Dataset excerpt:
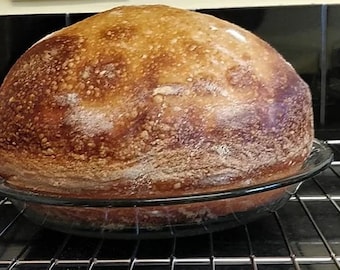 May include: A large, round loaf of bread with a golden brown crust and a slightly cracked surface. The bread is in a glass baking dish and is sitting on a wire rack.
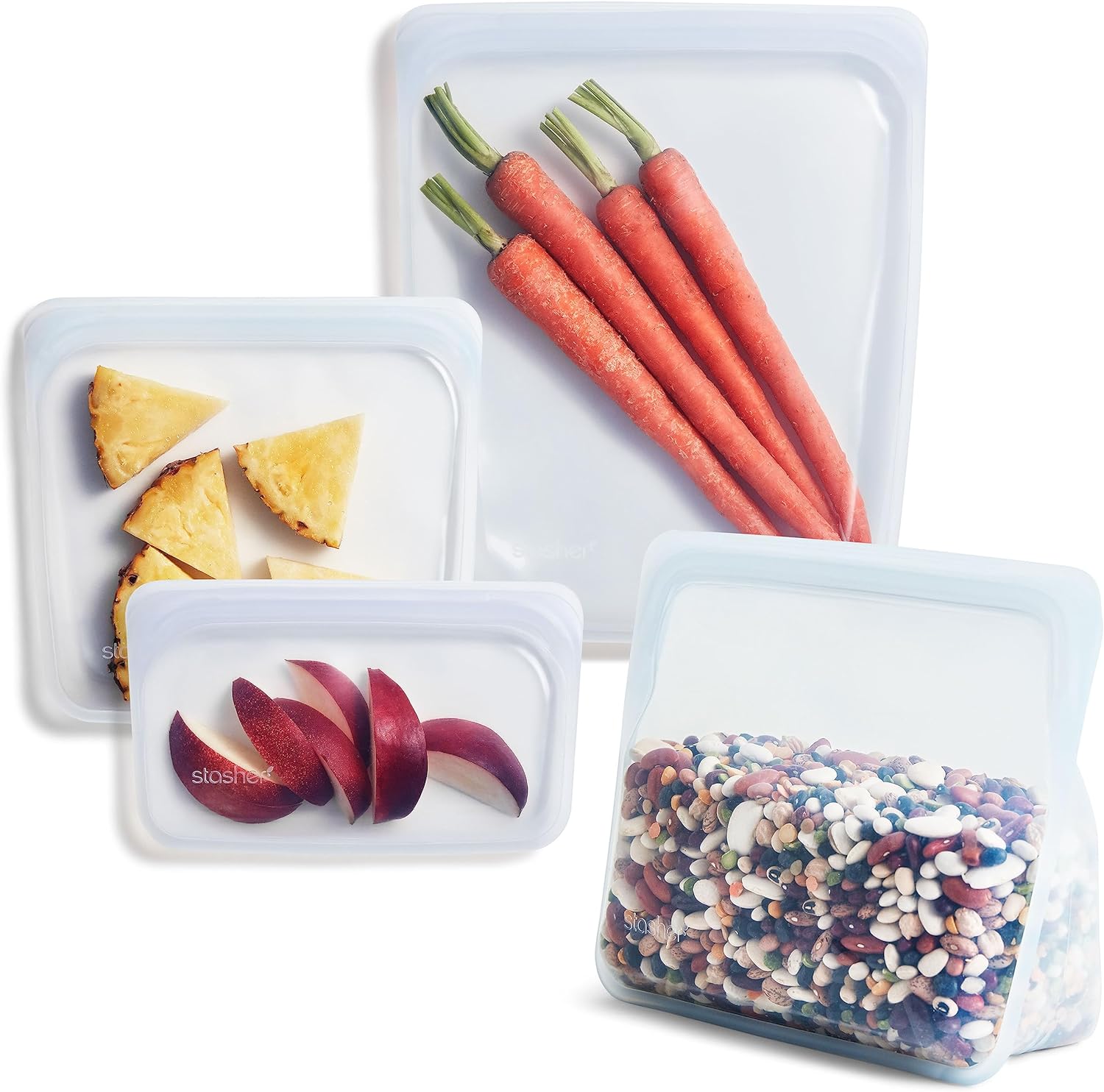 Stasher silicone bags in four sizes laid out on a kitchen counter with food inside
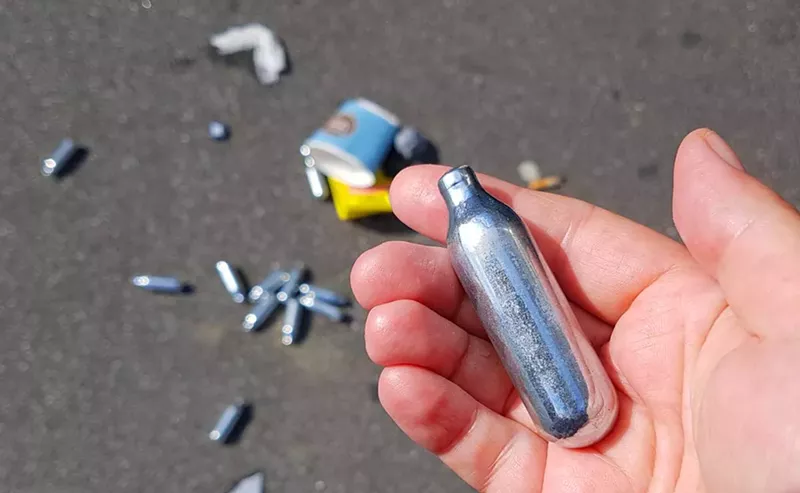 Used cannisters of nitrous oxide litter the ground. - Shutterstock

Instructions for the task: The output is to be the material in full and unaltered, with pictures omitted.

Solved problem:
 May include: A large, round loaf of bread with a golden brown crust and a slightly cracked surface. The bread is in a glass baking dish and is sitting on a wire rack.
 Stasher silicone bags in four sizes laid out on a kitchen counter with food inside
 Used cannisters of nitrous oxide litter the ground. - Shutterstock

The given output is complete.